RECORDS FOR THE EXERCISE:
§

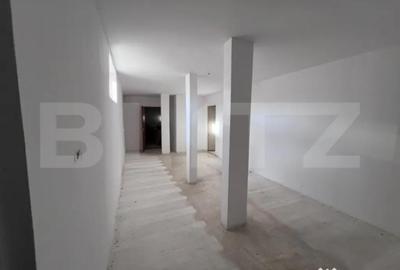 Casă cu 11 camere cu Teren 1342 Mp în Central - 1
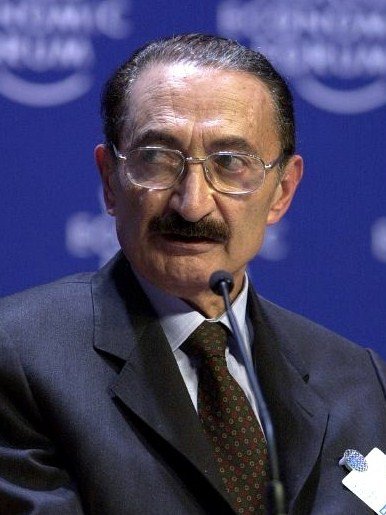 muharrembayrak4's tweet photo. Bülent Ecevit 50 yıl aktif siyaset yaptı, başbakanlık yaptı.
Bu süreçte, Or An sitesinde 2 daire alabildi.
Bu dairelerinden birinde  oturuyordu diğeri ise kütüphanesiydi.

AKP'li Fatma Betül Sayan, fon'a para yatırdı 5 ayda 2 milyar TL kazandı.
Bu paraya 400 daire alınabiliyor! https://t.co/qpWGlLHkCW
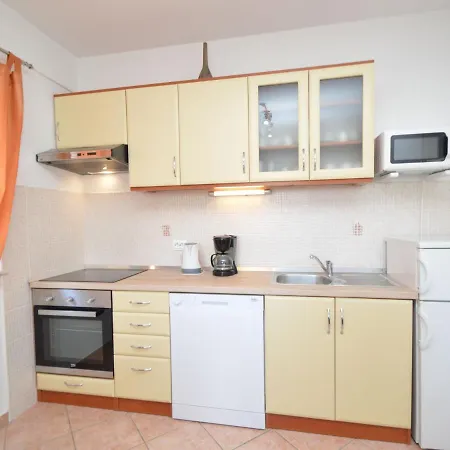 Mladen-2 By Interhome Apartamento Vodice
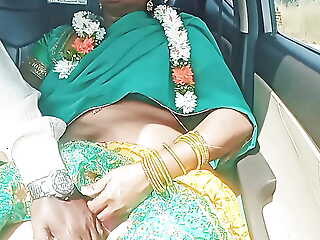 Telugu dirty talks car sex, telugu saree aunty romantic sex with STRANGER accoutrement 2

§

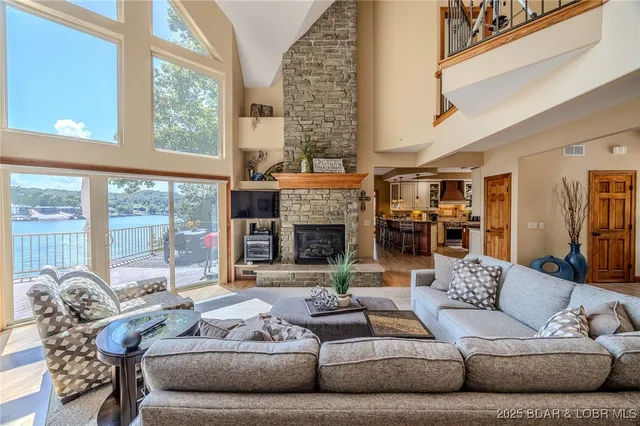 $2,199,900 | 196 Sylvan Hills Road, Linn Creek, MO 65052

§

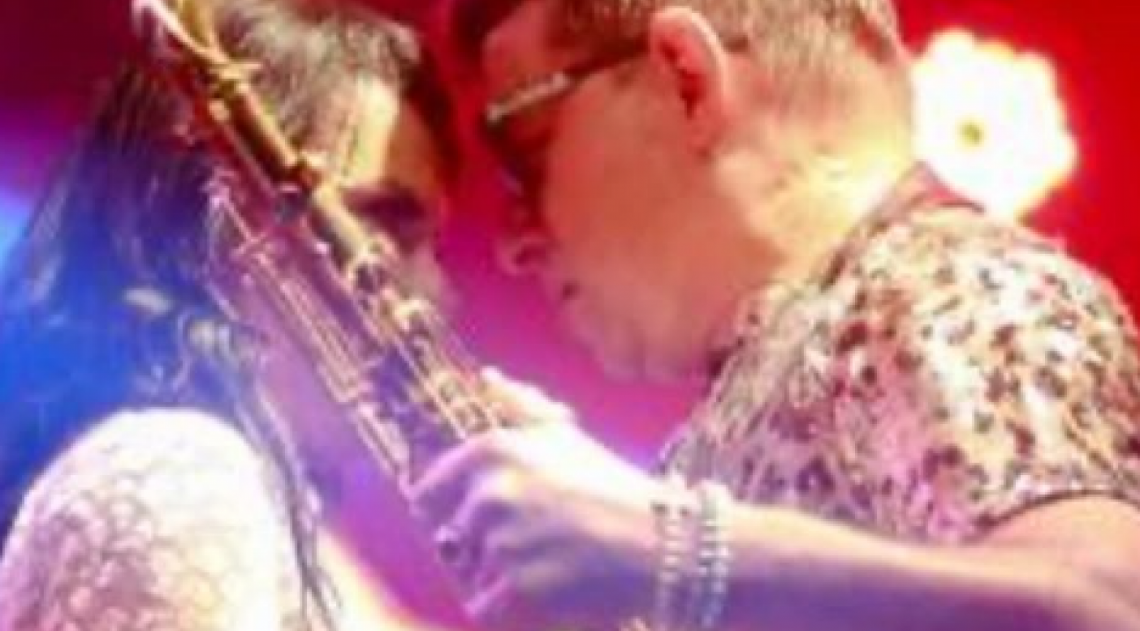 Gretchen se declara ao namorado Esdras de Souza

§

WHAT THE TASK REQUIRES:
Using the data above, transcribe exactly the lines between those containing "Casă cu 11 camere" and "Telugu dirty talks", inclusive, and leave every picture behind.

OUTPUT OF THE EXERCISE:
 Casă cu 11 camere cu Teren 1342 Mp în Central - 1
 muharrembayrak4's tweet photo. Bülent Ecevit 50 yıl aktif siyaset yaptı, başbakanlık yaptı.
Bu süreçte, Or An sitesinde 2 daire alabildi.
Bu dairelerinden birinde  oturuyordu diğeri ise kütüphanesiydi.

AKP'li Fatma Betül Sayan, fon'a para yatırdı 5 ayda 2 milyar TL kazandı.
Bu paraya 400 daire alınabiliyor! https://t.co/qpWGlLHkCW
 Mladen-2 By Interhome Apartamento Vodice
 Telugu dirty talks car sex, telugu saree aunty romantic sex with STRANGER accoutrement 2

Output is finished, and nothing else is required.